Dynamic tensile behavior of novel quenching-partitioning-tempering martensitic steel

Abstract

ABSTRACTA Fe–0.20C–1.49Mn1.52Si–0.58Cr–0.05Nb low-carbon steel was treated by a novel quenching-partitioning-tempering (Q-P-T) process and the traditional quenching and tempering (Q&T) process for comparison, respectively. X-ray diffraction results indicate that there is 10.8% volume fraction of retained austenite (VRA) in the Q-P-T martensitic steel, while no diffraction peak of retained austenite was detected in Q&T martensitic steel. The Q-P-T steel and the Q&T steel were subjected to a dynamic tensile test at a strain rate of 500 s−1 and a quasi-static tensile test at a strain rate of 5.6 × 10−4 s−1, respectively. The results indicate that the high strain rate in the dynamic tension raises the strength of the Q-P-T and Q&T steels compared with their quasi-static tensions owing to strain rate hardening effect, however, the elongation of Q-P-T steel decreases slightly, while the elongation of Q&T steel evidently increases.
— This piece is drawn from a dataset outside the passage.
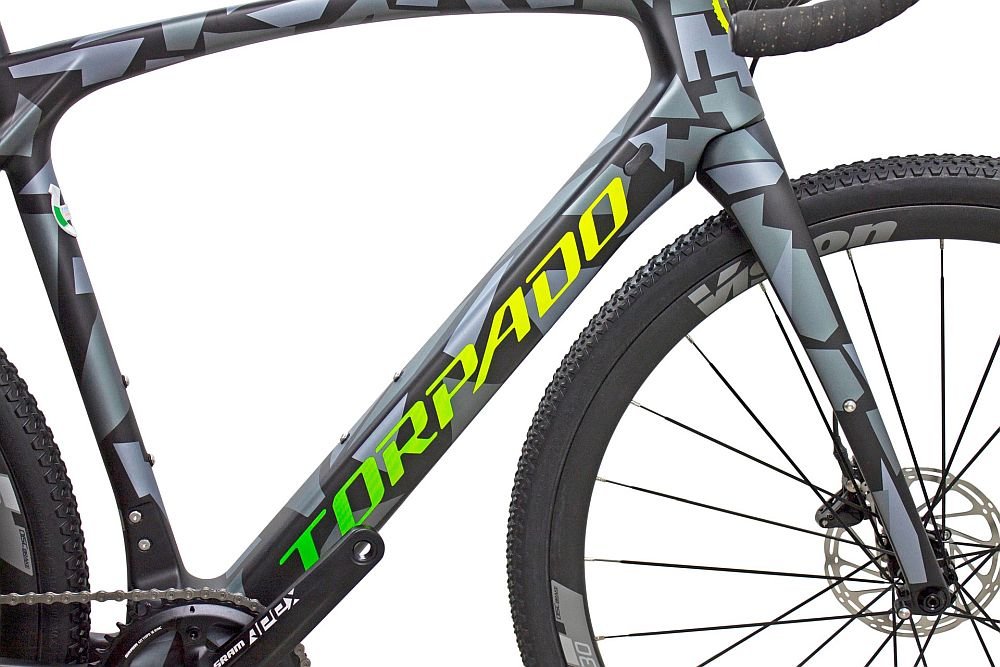 Rower Szosowy MTB TORPADO Zenith - Rama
This difference is attributed that the existence of the dislocation absorption by the retained austenite (DARA) effect in quasi-static tension is suppressed under dynamic tensile loading so that the enhancement influence of DARA effect on ductility cannot be effectively compensated by the adiabatic softening of the martensitic matrix, which leads to a slight decrease in the elongation of the Q-P-T steel in dynamic tension compared with that in the quasi-static tension. While Q&T steel has no DARA effect in quasi-static tension due to no retained austenite, and thus the adiabatic softening of the martensitic matrix increases the ductility of Q&T steel in dynamic tension.